I’ve been enjoying working my way through Simogo’s beautiful mobile games. I’m a big fan of the Swedish developers who created Year Walk and Device 6. Their twisted storytelling, unique puzzles and high production values really inspire me to be a better games designer.

The Sailor’s Dream is a wonderfully crafted experience in which you take to the seas, exploring little islands in an attempt to discover what has happened to the story’s protagonists.

The side scrolling horizon is stunning, I’d love to know how they created the gently lapping, animated sea. Each island illustration is covered with minute details, the Secret Lighthouse, the Celestial Sanctuary; every time a new location was revealed I got a buzz of excitement.

Navigating through each location is unusual. Scenes are stitched together, fading to black as you shift between them. Dotted trails connect you and are roughly mapped to a floating compass.

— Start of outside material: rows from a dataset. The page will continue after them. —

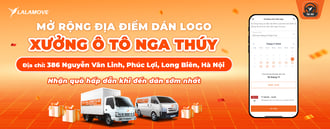 [Design] 3rd party HUB Nga Thúy_landing page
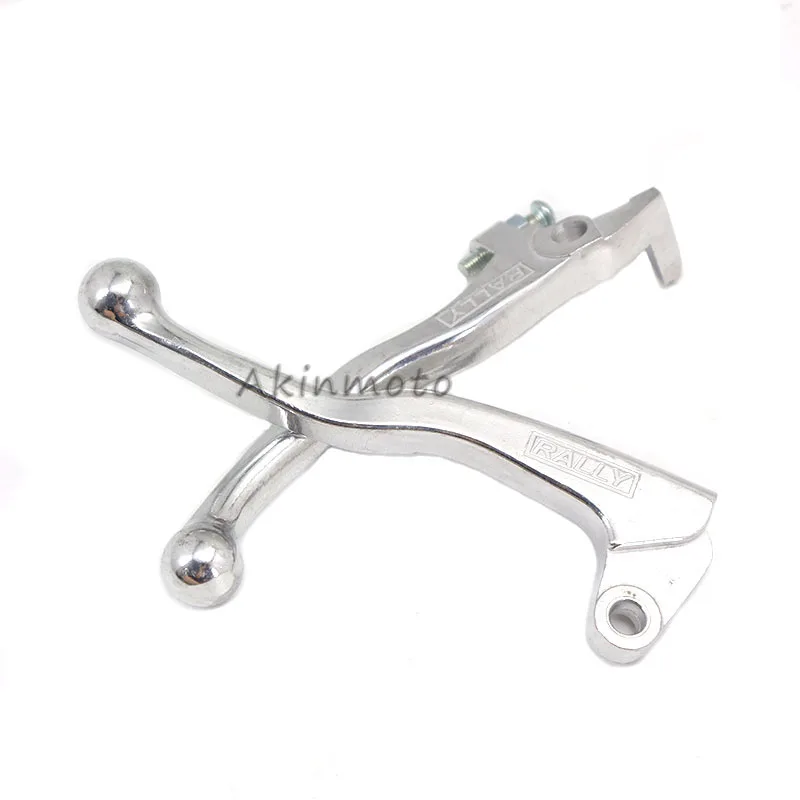 Мотоциклетный Рычаг Сцепления DRZ 400 для Suzuki DR-Z400 DR250 DR650 DRZ400 Ручки Тормоза Мотокросса Аксессуары Рукоятки.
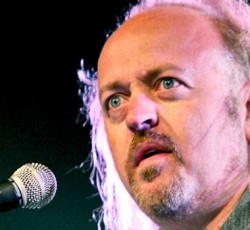 Ο Manny της σειράς "Black Books" μιλάει για το heavy metal 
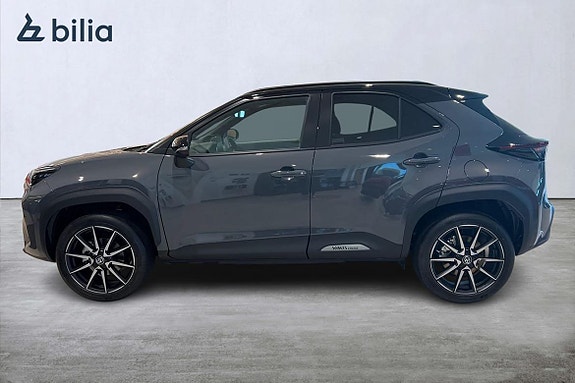 Toyota Yaris Cross 14 of 21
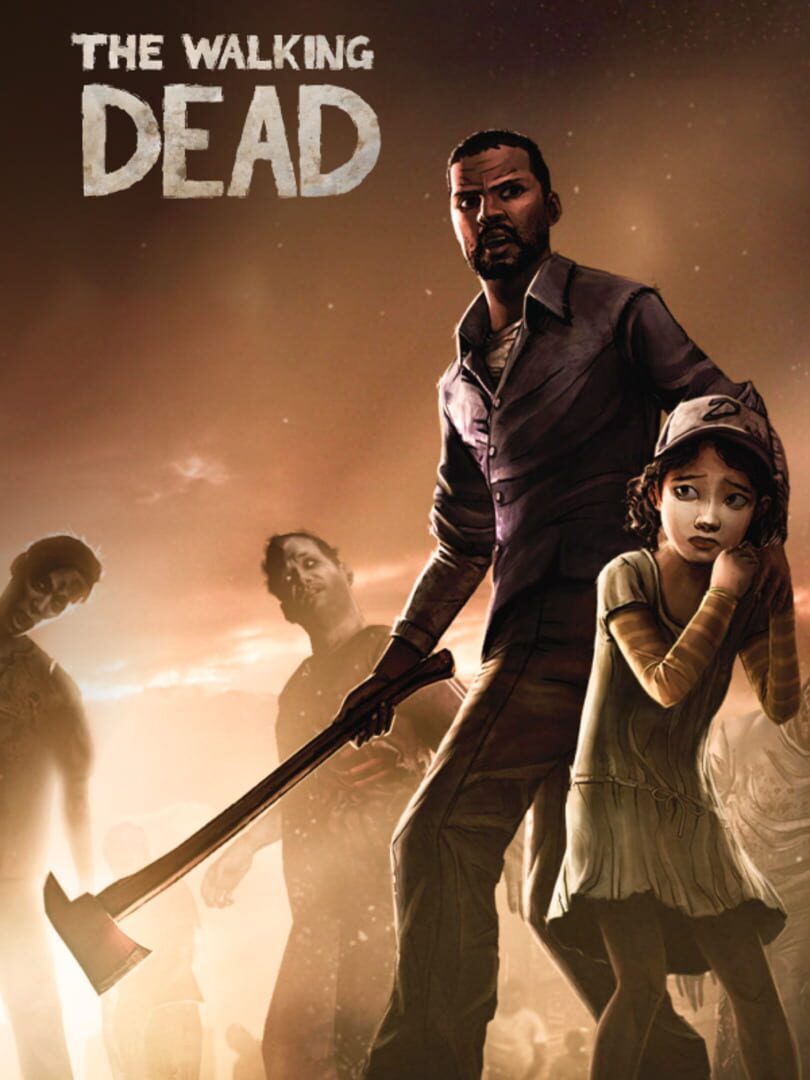 The Walking Dead: Season One featured image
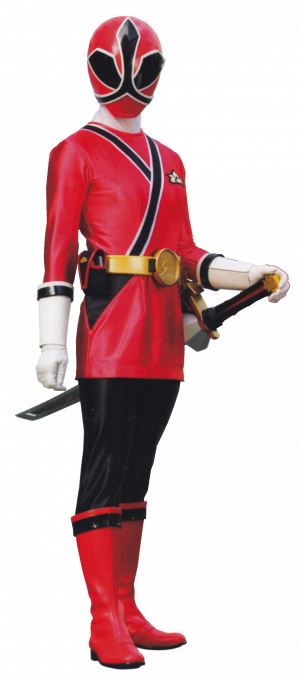 Zzzzz 1755010646prss Red — All Super Sentai/Power Rangers Forms option 462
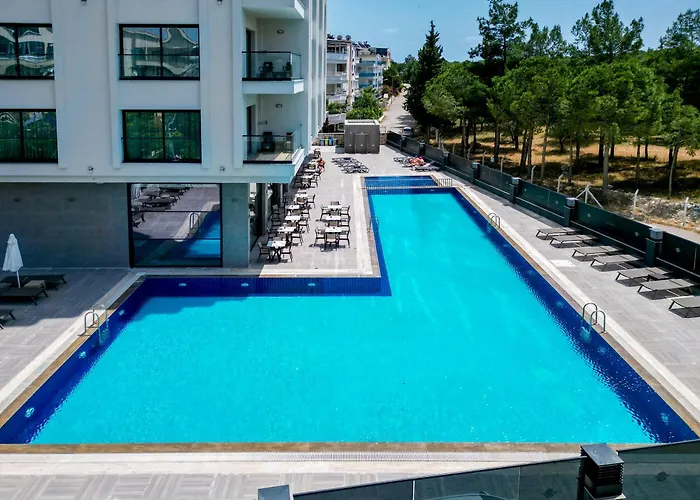 Hotel Maril Beach&spa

They put so much effort into all elements of the game, secret sketches to be found, specially written songs that reveal parts of the narrative and without giving too much away…once I’d figured out what to do in the Transmission Horologe I was so excited about it I was telling anyone that would listen for weeks!

I have to admit I got a bit confused by the story for this one. Perhaps I didn’t uncover things quickly enough or in a good order to work out what was going on. But it didn’t really matter. Simogo always create beautiful experiences full of twists and delights – The Sailor’s Dream is no exception. Set your sail and weigh anchor!